Infrastructure

The DataNet Federation Consortium promotes the application of policy-based data management systems to handle massive data collections. The approach is based on the following concepts:

Purpose – reason a collection is assembled. The reason drives the choice of the types of digital records that will be included, the types of operations that will be performed upon the records, the context provided with each record, and the policies that will be enforced. Reasons for assembling a collection are typically tied to a specific stage of the scientific data life cycle. If the collection is being assembled for local use, then assumptions can be made about local knowledge and less context is required. If the collection is being assembled for use by a broader community, then much more complete contextual knowledge is needed to interpret the data correctly.

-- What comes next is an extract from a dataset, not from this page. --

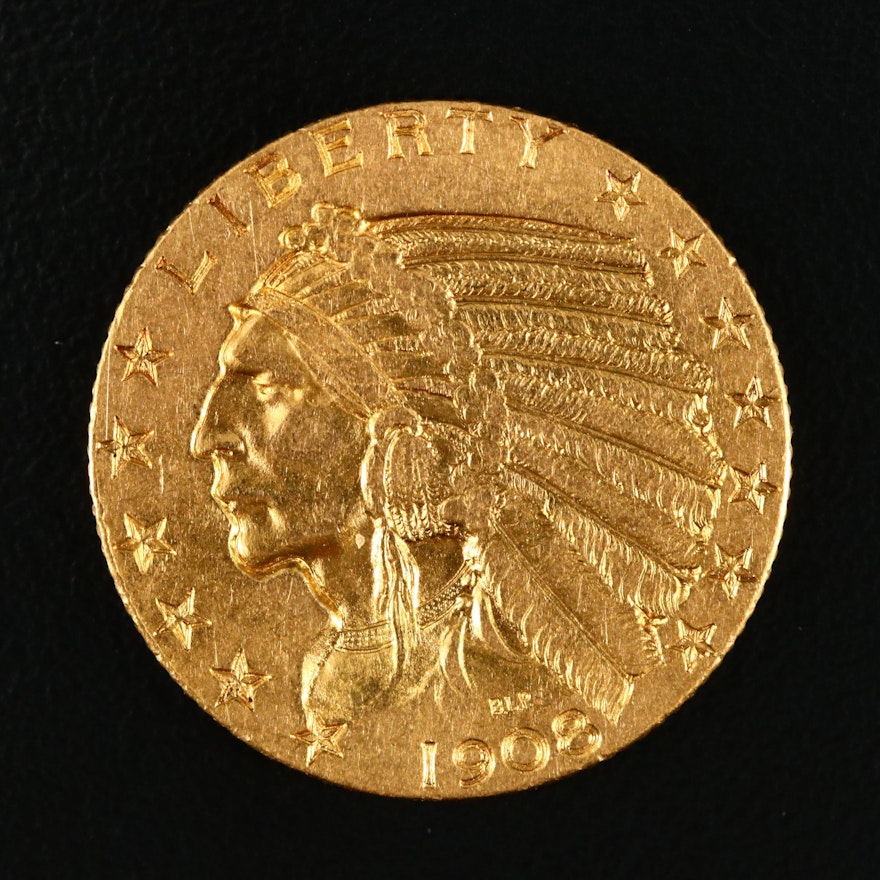 1908 Indian Head $5 Gold Half Eagle Coin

Properties – assertions that will be made about the collection. The group assembling a collection typically will make assertions about completeness (collection contains all of the experimental data), or authoritativeness (collection contains data that come from a known source), or consistency (collection contains data that have been calibrated, registered onto a coordinate system, and converted to physical units). Desired properties might include the context required for each digital record (appropriate descriptive metadata), the data integrity (management of checksums and replicas), and chain of custody (audit trails of all operations performed upon the data).

Policies – controls for enforcing desired properties. Policies define when and where procedures are executed to enforce desired properties. It is not sufficient to apply policies only on ingestion and access. Policies are needed to govern all administrative tasks as well. This implies the need for policy enforcement points within the data management infrastructure that control all data management actions. The iRODS data grid manages 74 policy enforcement points, corresponding to actions such as deleting a user, ingesting a file, depositing metadata, deleting a file, adding a storage resource, selecting a storage resource when ingesting files, etc. Policies are typically applied to control a desired action, or applied to do pre-processing before the action occurs, or applied to do post-processing after the desired action completes. The set of policy enforcement points is expected to grow slowly over time as new application communities decide that additional actions need to be controlled by a policy.

Procedures – functions that implement the policies. The iRODS data grid chains basic functions (micro-services) together to implement workflows that are applied at the remote storage location under the control of a policy that is executed as a rule within a distributed rule engine. An implication is that the successful chaining of basic functions requires the exchange of structured information. The iRODS data grid manages the exchange of information through standard structures in memory, through parameter passing, through metadata in a catalog, through files, and through network communication. For operations that are executed across multiple storage locations, the in-memory structures are serialized and sent over the network to the remote location where they are unpacked and reconstituted as in-memory structures. This approach ensures that the workflows will function the same, whether they are executed entirely within a single storage platform or across multiple storage platforms. The iRODS data grid currently provides 250 micro-services. Note that about 67 standard in-memory data structures are sufficient to handle data interchange between the 250 micro-services.

Persistent state information – results of applying the procedures. The iRODS data grid manages 205 state information attributes about users, records, collections, storage systems, and rules. The attributes also include information about quotas, the load on the system, outstanding or deferred operations, audit trails, rule versions and rule execution.

Assessment criteria – validation that the state information conforms to the desired properties. The assessment criteria can be evaluated through periodic rules that verify a well-defined property. This evaluation must directly address the issue of scale, as data grids may contain petabytes of data and hundreds of millions of files. Support for bulk operations is provided within the storage system, the metadata catalog, the rule engine, and the messaging system that is used to track progress.

Federation – controlled sharing of logical name spaces. Given the wide range of failure modes, long-term data management requires replication across independently managed data grids. If a data management environment fails for whatever reason, an independently managed environment is needed to minimize risk of data loss. The sources of risk include media failure, software and hardware failures, operational errors, natural disasters, and security violations. Federation is also used to re-purpose the use of a collection, by integrating digital holdings across multiple sources under new policies and procedures.